─── Data for analysis

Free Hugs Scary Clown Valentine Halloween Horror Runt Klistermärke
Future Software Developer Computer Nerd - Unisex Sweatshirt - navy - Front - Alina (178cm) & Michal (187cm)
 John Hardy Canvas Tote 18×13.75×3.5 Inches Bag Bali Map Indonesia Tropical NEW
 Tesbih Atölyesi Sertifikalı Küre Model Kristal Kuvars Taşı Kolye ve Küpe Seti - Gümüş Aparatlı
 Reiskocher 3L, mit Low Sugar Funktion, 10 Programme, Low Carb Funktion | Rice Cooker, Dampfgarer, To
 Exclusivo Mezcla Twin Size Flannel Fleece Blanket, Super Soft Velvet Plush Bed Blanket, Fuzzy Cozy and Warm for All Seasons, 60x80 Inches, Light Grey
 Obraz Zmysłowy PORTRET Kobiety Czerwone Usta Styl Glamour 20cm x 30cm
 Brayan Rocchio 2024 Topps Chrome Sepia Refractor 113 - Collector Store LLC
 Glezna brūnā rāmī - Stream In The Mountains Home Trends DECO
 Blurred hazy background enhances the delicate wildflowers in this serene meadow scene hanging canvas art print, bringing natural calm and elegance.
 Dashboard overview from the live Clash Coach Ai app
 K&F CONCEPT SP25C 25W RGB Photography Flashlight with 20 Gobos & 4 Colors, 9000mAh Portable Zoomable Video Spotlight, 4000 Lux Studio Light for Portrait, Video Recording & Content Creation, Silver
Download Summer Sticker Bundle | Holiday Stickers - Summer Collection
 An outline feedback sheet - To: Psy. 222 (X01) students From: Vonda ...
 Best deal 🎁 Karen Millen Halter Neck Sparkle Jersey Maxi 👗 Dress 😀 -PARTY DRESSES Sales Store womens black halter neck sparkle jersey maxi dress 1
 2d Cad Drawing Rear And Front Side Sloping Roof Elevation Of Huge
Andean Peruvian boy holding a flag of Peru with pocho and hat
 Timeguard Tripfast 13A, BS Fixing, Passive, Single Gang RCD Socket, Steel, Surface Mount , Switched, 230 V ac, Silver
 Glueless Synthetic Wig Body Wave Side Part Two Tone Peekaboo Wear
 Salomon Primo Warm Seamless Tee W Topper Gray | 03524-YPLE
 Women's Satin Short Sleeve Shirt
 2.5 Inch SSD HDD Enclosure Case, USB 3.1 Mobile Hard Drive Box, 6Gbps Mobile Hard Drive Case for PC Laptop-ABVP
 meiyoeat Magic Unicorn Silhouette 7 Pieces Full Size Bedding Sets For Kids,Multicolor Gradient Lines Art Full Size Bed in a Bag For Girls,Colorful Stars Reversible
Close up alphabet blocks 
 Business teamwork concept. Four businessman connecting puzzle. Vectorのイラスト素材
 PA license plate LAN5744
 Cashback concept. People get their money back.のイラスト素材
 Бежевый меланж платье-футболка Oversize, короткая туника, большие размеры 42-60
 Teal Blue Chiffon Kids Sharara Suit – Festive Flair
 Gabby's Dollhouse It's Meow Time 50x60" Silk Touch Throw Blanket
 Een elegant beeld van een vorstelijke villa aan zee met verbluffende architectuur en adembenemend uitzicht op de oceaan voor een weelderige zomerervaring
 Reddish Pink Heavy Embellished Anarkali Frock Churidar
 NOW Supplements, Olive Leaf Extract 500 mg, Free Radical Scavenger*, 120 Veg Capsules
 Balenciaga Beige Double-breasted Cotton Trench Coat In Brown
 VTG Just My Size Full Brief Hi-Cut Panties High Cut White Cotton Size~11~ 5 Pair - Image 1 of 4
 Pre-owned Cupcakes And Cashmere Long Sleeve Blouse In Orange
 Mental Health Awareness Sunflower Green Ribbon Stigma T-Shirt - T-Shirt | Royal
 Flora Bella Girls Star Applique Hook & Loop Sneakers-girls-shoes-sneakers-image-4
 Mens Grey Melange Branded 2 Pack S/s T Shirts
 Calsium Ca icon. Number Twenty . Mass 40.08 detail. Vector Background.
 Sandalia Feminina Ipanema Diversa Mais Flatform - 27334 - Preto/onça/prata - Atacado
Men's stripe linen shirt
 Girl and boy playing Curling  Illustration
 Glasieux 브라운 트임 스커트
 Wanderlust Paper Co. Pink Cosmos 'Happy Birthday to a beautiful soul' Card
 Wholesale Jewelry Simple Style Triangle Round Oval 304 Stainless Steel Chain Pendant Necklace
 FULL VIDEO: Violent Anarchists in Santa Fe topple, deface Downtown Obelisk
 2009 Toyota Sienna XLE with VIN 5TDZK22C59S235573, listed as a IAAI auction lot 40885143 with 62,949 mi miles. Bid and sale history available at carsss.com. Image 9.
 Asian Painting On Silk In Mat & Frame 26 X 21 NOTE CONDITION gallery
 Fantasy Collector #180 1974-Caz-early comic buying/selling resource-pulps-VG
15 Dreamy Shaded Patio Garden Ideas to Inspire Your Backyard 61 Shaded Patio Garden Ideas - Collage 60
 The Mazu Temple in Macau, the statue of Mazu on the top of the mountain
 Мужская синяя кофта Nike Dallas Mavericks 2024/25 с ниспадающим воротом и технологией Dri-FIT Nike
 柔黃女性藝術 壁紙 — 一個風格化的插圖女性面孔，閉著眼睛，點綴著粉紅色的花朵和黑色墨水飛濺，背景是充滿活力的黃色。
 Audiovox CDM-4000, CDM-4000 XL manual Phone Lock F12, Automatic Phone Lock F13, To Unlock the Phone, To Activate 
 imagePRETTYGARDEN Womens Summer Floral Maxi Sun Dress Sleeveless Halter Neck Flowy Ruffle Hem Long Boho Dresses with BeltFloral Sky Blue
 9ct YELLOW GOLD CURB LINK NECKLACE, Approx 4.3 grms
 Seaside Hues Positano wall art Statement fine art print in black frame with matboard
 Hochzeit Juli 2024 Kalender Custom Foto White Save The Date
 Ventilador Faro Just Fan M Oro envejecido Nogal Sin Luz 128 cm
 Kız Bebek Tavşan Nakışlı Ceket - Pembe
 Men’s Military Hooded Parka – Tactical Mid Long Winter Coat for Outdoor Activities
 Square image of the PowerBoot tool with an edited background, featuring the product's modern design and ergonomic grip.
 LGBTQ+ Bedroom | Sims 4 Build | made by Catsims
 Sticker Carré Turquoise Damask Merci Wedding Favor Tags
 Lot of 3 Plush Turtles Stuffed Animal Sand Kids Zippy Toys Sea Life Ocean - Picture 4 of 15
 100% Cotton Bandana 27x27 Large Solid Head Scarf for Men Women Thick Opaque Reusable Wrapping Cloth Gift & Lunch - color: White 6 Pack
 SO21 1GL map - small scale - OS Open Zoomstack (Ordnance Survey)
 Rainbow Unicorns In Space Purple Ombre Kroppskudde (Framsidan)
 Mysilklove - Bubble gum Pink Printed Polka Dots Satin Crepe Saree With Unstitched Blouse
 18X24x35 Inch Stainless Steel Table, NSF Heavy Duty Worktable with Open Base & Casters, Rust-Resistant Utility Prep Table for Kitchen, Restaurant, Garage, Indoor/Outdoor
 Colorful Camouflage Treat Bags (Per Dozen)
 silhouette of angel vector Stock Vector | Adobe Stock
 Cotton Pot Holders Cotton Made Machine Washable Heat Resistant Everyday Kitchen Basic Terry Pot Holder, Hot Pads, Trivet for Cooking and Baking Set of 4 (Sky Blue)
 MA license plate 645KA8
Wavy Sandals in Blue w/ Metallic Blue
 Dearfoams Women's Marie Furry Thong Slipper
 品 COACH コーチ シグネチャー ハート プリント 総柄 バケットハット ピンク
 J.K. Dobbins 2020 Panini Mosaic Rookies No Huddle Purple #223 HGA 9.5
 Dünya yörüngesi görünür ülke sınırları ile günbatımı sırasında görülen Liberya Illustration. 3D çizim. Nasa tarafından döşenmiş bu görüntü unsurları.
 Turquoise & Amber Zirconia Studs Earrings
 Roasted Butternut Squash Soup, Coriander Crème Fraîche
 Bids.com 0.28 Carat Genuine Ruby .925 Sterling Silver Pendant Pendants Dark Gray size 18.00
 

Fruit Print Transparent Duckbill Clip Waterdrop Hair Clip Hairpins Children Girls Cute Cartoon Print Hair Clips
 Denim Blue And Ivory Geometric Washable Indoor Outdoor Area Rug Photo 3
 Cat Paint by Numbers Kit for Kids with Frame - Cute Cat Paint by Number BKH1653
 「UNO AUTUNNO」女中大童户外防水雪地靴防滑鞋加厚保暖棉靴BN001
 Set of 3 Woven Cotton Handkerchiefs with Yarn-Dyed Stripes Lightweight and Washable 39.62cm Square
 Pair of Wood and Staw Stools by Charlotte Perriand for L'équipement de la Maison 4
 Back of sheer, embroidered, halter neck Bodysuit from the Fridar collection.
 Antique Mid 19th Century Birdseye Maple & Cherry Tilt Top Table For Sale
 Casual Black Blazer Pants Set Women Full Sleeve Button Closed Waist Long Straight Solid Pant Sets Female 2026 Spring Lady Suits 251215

──────

**Directions for this task:**
What you give back must match the material exactly, beginning with its first line and ending with the line holding "Reiskocher 3L, mit".

**Result of this task:**
Free Hugs Scary Clown Valentine Halloween Horror Runt Klistermärke
Future Software Developer Computer Nerd - Unisex Sweatshirt - navy - Front - Alina (178cm) & Michal (187cm)
 John Hardy Canvas Tote 18×13.75×3.5 Inches Bag Bali Map Indonesia Tropical NEW
 Tesbih Atölyesi Sertifikalı Küre Model Kristal Kuvars Taşı Kolye ve Küpe Seti - Gümüş Aparatlı
 Reiskocher 3L, mit Low Sugar Funktion, 10 Programme, Low Carb Funktion | Rice Cooker, Dampfgarer, To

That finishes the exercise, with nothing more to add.